# EXERCISE REQUIREMENTS
Copy the lines below exactly, starting at the one with "A toddler getting a book off of a bookshelf." and ending at the one with "Einhell Power X-Change", and leave out any picture.

# DATA TO PROCESS
=== Section Start ===

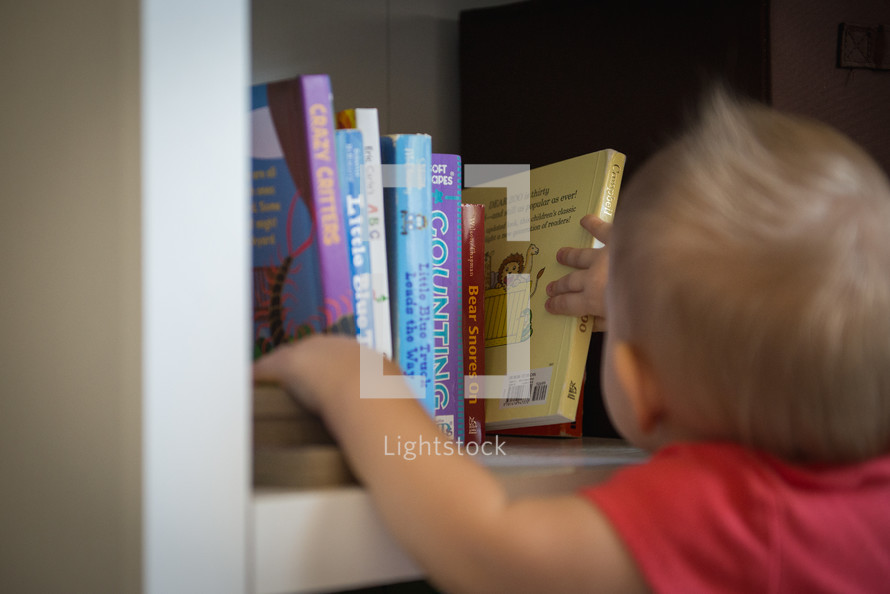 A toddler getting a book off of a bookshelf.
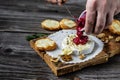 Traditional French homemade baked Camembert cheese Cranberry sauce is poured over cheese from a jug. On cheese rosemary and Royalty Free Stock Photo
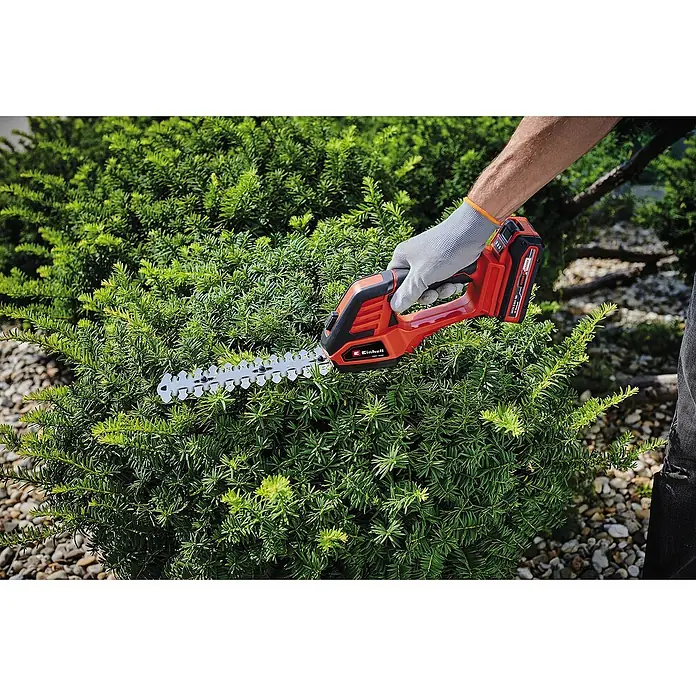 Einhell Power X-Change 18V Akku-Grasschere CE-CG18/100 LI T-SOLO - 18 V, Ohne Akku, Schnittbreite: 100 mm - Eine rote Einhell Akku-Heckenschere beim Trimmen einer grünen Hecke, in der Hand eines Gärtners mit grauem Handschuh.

=== Section End ===
=== Section Start ===

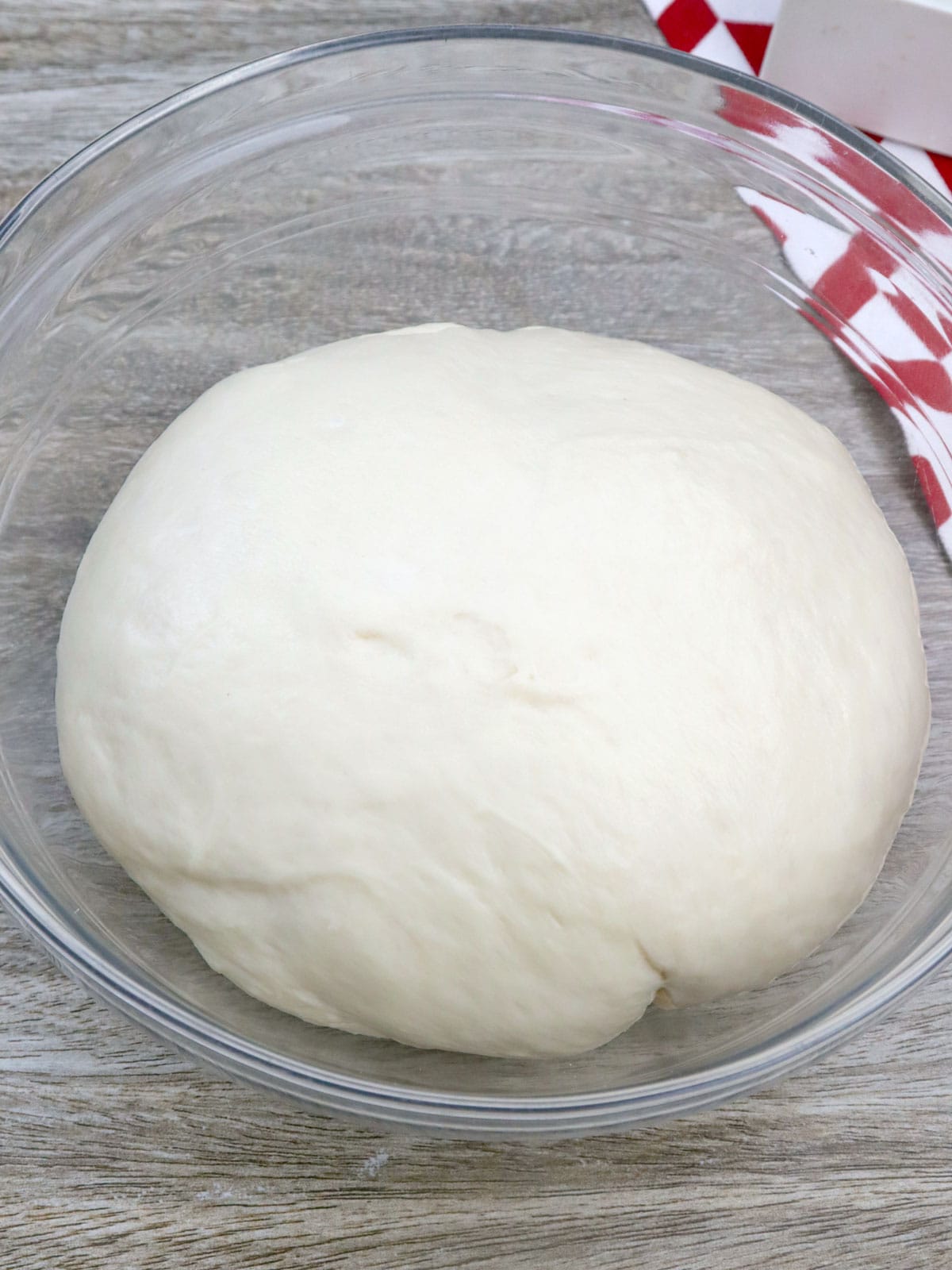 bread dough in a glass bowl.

=== Section End ===

# YOUR SOLUTION
 A toddler getting a book off of a bookshelf.
 Traditional French homemade baked Camembert cheese Cranberry sauce is poured over cheese from a jug. On cheese rosemary and Royalty Free Stock Photo
 Einhell Power X-Change 18V Akku-Grasschere CE-CG18/100 LI T-SOLO - 18 V, Ohne Akku, Schnittbreite: 100 mm - Eine rote Einhell Akku-Heckenschere beim Trimmen einer grünen Hecke, in der Hand eines Gärtners mit grauem Handschuh.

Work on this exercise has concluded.